With France under her ruby-encrusted belt, Madame, leaving her many salons in the manicured hands of a trio of sisters imported from Poland, sailed for New York and ‘the pitiful purple noses, grey lips …. their faces chalk white from terrible powder’ of American womanhood. ‘My dear, the United States could be my life’s work.’ And so it proved to be. In the twinkling of an eye, she’d opened an orientalist-themed headquarters, and ‘wearing a tomato-coloured dress and eight strands of black pearls’, she and Manka, another hastily summoned sister, displayed avant-garde treatment routines to cosmetically starved Manhattan ladies.

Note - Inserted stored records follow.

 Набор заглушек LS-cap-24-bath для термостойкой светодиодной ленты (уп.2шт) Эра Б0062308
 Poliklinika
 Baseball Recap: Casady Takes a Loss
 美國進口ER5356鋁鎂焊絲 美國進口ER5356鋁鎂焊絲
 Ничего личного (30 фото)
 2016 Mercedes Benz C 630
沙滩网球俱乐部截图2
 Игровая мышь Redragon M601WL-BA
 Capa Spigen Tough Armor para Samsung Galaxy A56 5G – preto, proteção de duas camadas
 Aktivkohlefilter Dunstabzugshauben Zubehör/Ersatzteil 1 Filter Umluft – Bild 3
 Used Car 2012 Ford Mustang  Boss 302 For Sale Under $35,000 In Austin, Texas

Salons proliferated States-wide, designed by architects Paul Frankl and Rudolph Schindler: paintings by de Chirico, Tchelitchev and Marie Laurencin enhanced blue metallic walls. But Madame had a healthy disregard for her possessions. Many lurked in rarely opened cupboards, while, for the last of her famous alfresco parties at her property on the cote d’Azur, she had her Chagalls, Monets, Renoirs and Modiglianis hung from the trees.

In the late 1920s, Rubinstein sold her company to Lehman Brothers, cannily keeping the stock. And despite two sons, she and Titus divorced. Some years later, past 60 and after a textbook corny courtship, she married Prince Artchil Gourielli- Tchkonia, an equally textbook dashing Russian émigré. Madame revelled in her title, bogus or not, mainly as it was one-in-the-eye for her only comparable rival, Elisabeth Arden. ‘That Woman’, as Helena referred to Arden, quickly responded by getting her own aristo, a Prince Michael Evlanoff. The two cosmetic queens’ public mud-slinging and manager-swapping minefield has been hilariousy detailed in Lindy Woodhead’s War Paint.

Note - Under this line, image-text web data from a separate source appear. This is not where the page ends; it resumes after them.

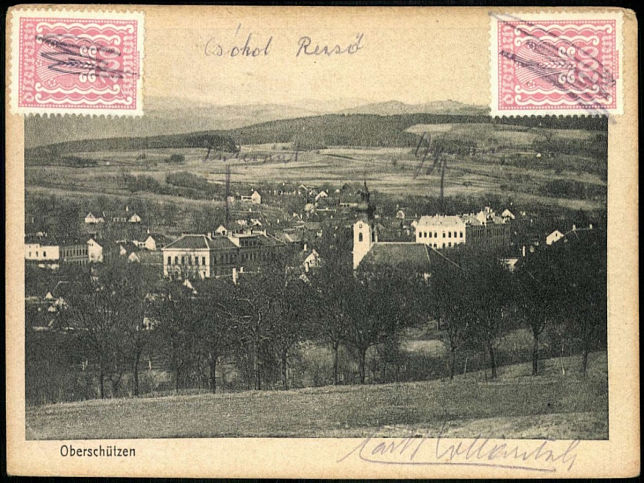 Oberschtzen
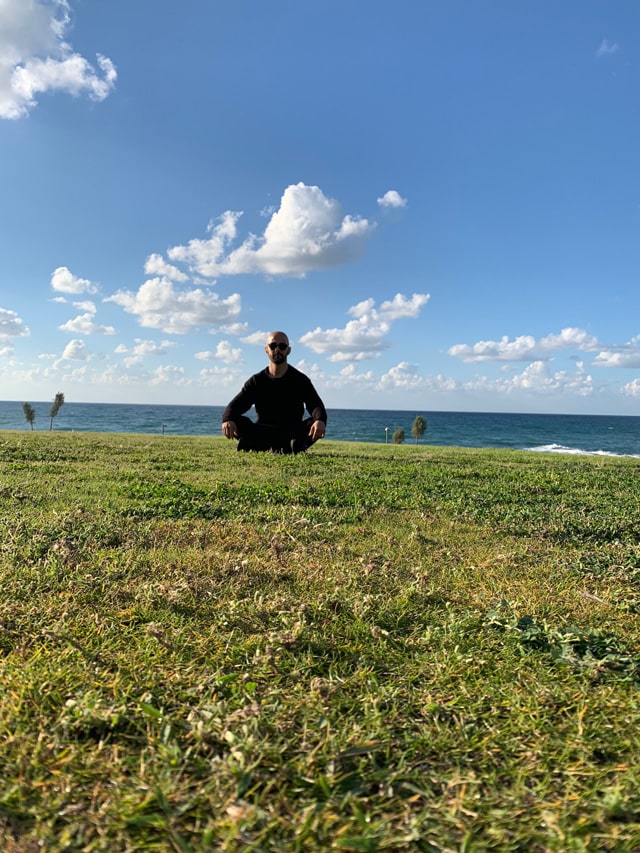 Estrategias de Negocios Qué significa alcanzar el equilibrio personal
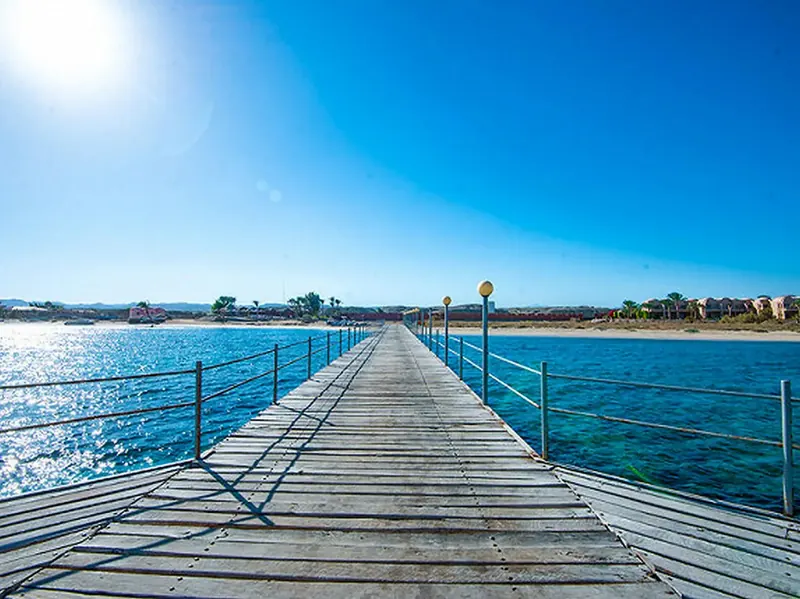 Shams Alam Beach Resort, Marsa Alam: zdjęcie 4 z 9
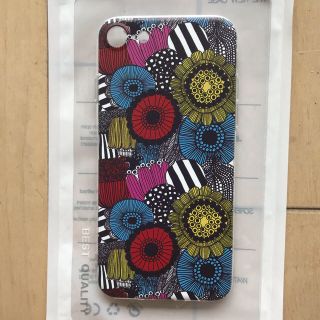 マリメッコ(marimekko)のiPhone7 ケース(iPhoneケース)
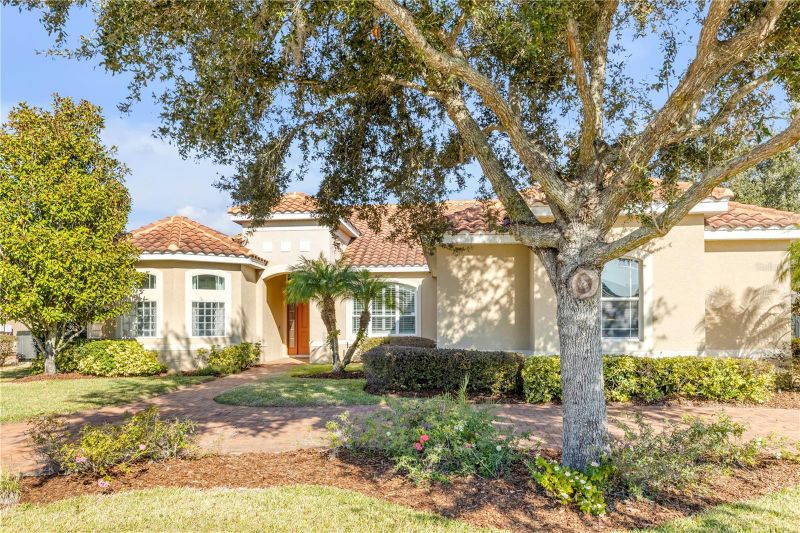 3021 Isola Bella Blvd, Mount Dora, FL 32757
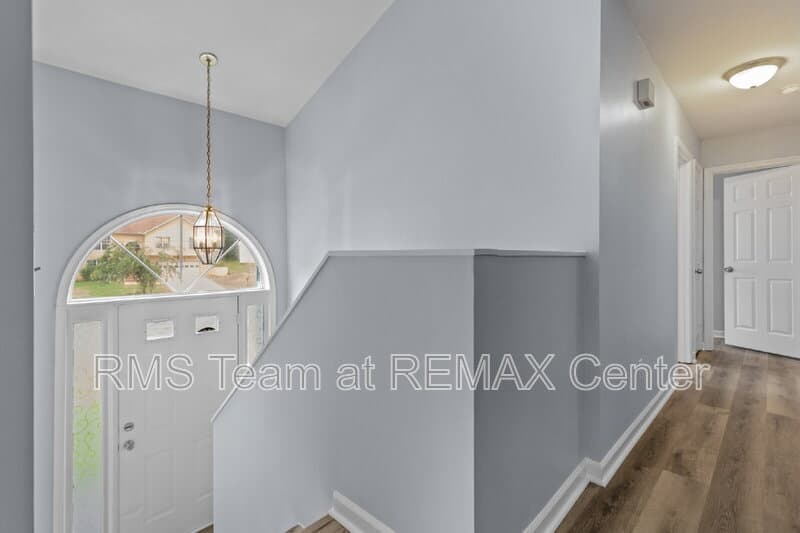 Decatur House: 2262 Cobb Creek Dr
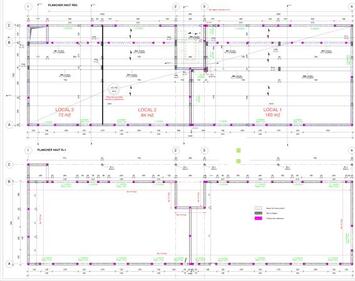 Vente de murs de boutique - Vaucluse (84)-photo-2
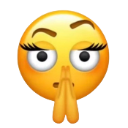 kayemoji_8 Discord sticker from Tambayan Ave.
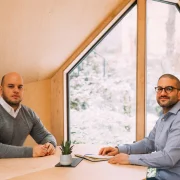 „Az agrárium digitalizációjával a fenntarthatóság is elősegíthető” – beszélgetés a NAK TechLabról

That book, and Suzanne Slesin’s magnificent Over the Top, an all-encompassing photographic record of Rubinstein’s extraordinary lifestyle, especially her huge, last apartment on Park Avenue (on being told ‘no Jews’, she bought the entire building), along with O’Higgins’s bittersweet memoir, vividly demonstrate Madame’s astonishing taste and restless determination. This book shows that Helena Rubinstein brought to the business even she could not have realised would become so colossal, a lifelong, intense scrutiny.